The connection between PE residing on a PV to the LV is kept in a logical object called “Volume Group” (VG). A “volume group” (VG) is a logical and theoretical object which merges the PE provided by multiple PVs into a logical group of objects with a mapping to the LV. This sounds complicated, I am sure, but we’ll get deeper into it soon.

As said – a VG is a logical object holding PVs (with their PEs) on one hand, and LVs (with their LEs, – about it later) on the other hand. It has no ‘real’ existence, except as a group of objects. A PV can be member of a single VG (but a single VG can have many PVs), and an LV can be a member of single VG (but again – a single VG can have many LVs). When we look at the metadata, later in this article, it should become more clear.

In order to understand how PEs are located on a disk, Let’s take a look at this nice drawing.
This drawing will show a (basic partitioning) disk, with Master Boot Record (MBR) and two partitions, of which the 2nd is used as LVM PV.
The PV has a small metadata signature, and many PEs.

We can ask the LVM mechanism nicely to export the metadata configuration. Since a volume group (VG) can hold multiple PVs (physical volumes, aka – block devices) the metadata will reside in the beginning of each disk (PV) for the sake of redundancy.
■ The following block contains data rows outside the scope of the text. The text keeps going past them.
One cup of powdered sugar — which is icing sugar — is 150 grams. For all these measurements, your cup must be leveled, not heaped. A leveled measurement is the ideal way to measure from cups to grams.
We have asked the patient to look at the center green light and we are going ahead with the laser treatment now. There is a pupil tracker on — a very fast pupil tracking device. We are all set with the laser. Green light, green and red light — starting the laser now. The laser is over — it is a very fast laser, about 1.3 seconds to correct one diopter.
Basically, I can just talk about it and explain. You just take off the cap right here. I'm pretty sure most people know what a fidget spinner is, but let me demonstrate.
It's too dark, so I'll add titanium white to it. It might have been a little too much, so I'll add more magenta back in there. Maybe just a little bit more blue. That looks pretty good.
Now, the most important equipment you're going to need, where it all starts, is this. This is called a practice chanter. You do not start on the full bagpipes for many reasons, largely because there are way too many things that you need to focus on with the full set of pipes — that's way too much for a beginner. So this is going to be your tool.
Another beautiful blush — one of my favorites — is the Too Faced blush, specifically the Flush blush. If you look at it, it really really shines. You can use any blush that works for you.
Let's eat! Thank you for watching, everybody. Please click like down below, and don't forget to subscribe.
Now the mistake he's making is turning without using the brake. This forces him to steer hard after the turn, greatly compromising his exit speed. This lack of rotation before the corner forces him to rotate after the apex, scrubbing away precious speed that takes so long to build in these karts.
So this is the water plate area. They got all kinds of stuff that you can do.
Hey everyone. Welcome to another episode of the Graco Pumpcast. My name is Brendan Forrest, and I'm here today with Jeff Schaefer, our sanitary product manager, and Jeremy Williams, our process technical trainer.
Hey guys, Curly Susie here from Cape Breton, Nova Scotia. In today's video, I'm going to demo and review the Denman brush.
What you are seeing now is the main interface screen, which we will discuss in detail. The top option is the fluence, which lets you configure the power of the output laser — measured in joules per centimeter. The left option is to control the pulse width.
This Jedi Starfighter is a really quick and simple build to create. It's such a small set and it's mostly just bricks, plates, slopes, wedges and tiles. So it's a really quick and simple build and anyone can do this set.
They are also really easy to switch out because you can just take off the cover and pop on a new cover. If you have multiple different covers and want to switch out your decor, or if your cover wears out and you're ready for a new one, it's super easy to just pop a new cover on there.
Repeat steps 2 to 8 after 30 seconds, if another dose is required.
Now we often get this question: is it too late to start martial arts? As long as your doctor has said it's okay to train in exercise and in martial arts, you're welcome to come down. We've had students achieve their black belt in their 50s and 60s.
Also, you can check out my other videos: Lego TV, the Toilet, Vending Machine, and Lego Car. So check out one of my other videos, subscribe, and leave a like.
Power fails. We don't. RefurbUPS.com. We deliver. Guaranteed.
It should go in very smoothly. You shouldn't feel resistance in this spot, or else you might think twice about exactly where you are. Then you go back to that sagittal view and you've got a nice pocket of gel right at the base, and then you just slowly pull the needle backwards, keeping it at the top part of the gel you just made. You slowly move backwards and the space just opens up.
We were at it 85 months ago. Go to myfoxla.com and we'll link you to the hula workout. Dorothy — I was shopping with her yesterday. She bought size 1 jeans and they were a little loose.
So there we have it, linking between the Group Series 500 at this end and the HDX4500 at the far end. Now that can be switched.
This is important when we want to recover a failed LVM caused by human error or missing disk(s).

Moreover – because the LV has only logical mapping to the PEs residing on disks (can be more than one, and even more than three! ), the order of the PEs mapped to a single LV doesn’t have to be continuous, nor does it has to reside on a single disk. This is a flexible system, and we’ll get to that later.

I would like to show an exported (backed-up) VG metada for the sake of our observation. I will add comments inline for your viewing pleasure

# Generated by LVM2 version 2.02.98(2)-RHEL6 (2012-10-15): Thu Jun  5 00:00:00 2019

contents = "Text Format Volume Group"
version = 1

### This is the description of the command used to create this file ###
description = "vgcfgbackup -f /tmp/VG-export.txt VG00"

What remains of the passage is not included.